Permit me to relate the story, in case you've never heard it. Despite the flabdominals, that babe really was the Kim Kardashian of Greece, you know. The narrative begins concerning an emperor.

Alexander the Great, of course, was a pupil of Aristotle. The latter could be a bit of a stern taskmaster and urged Alexander to forgo carnal dalliances with women, which would only get in the way of his serious empire-building. "Beware the bints," he urged, "or you'll never wind up running the world." Aristotle's advice anticipated that of Oscar Wilde's Lord Henry in The Picture of Dorian Gray:
Women, as some witty Frenchman once put it, inspire us with the desire to do masterpieces and always prevent us from carrying them out.
Alexander took the injunction to heart and sent his main squeeze, Phyllis, packing. However, in a rather uncommon bit of kindness you'd never expect from the Macedonian, he had the decency to explain why there could be no more whoopie: "Aristotle told me to."

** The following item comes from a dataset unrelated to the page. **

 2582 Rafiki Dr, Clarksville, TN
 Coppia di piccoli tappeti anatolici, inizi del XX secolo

Well, Phyllis wasn't going to take this lying down (although lying down was certainly what she craved most). Holding the master Aristotle responsible for the loss of the best bang she'd ever had, Phyllis crept into the teacher's school and undid her bustier to reveal a bit of skin. Aristotle looked up, right in the midst of a lesson he was delivering, saw the jiggling, and excused himself from the pupils. He probably told the lads to count the teeth of a horse, to keep them occupied in his absence. (Look up that parable some day when you have a spare moment; I frequently used it in my classes and got blank stares on the folly of empiricism.)

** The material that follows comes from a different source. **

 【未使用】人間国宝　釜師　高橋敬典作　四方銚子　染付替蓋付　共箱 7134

Phyllis and Aristotle withdrew to his private chambers with alacrity. The latter was apparently delirious with desire and expected some a-courting and a-sparking.

They got naked and Aristotle anticipated action. Instead, Phyllis, to enact a bit of revenge (which was her intention all along), demanded he get down on all fours and convey her like a horse. He did. Check out the spicy pic, above, once more. Baldung wasn't the only artist to spread this Grecian porn; quite a few other woodcuts by various artists exist of a dominatrix riding the elderly philosopher. 

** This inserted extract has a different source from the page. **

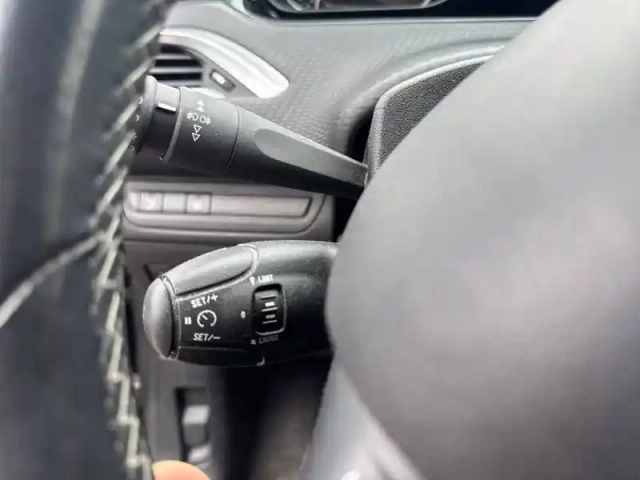 Peugeot 208 bluehdi 100ch bvm6 — photo 21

Quite a story. But wait, there's more! In some sort of weird coincidence, I learned just this week that Dr. Richard von Krafft-Ebing incorporated the Phyllis/Aristotle tale into his magnum opus which so gripped me as a lad. (By the way, did you know the good doctor was the one to popularize the word masochism? Maybe he had an insight into Aristotle the rest of us missed.)

Then, while pondering Phyllis applying the spurs to the philosopher, a phrase from the vasty deep popped to mind:
Oh God! There's nothing so foolish as an old man in love!
Now where would I have read that? My mind really is a trap of curious detritus.

It took some doing, but eventually I ran it down. It's from the play I Suppositi (The Pretenders) by Ludovico Ariosto. In yet another curious twist of fate, it was first performed in 1509, just six years after Baldung's centerfold shot of the buxom Phyllis appeared. I have no idea why that line from such an obscure play stuck with me for all these years. But it did.

So late tonight prepping my homemade spaghetti supper, the Sherlock Holmes tale, The Adventure of the Retired Colourmanresurfaced after nearly a half-century. Another instance of such foolishness, but with far more serious consequences.

And then I thought of the old radio play from the forties based upon this Holmes' adventure. The playwrights (Anthony Boucher and Dennis Green) were quite literate and worked in a bit of William Shakespeare's Shylock shrieking, "My daughter, oh my ducats, oh my daughter!" Italy, once more, don't you see.

Apparently today was destined to be tainted Neapolitan. And the title of this essay? Well, ever the language harlot, I just wanted an excuse to wield an asyndeton.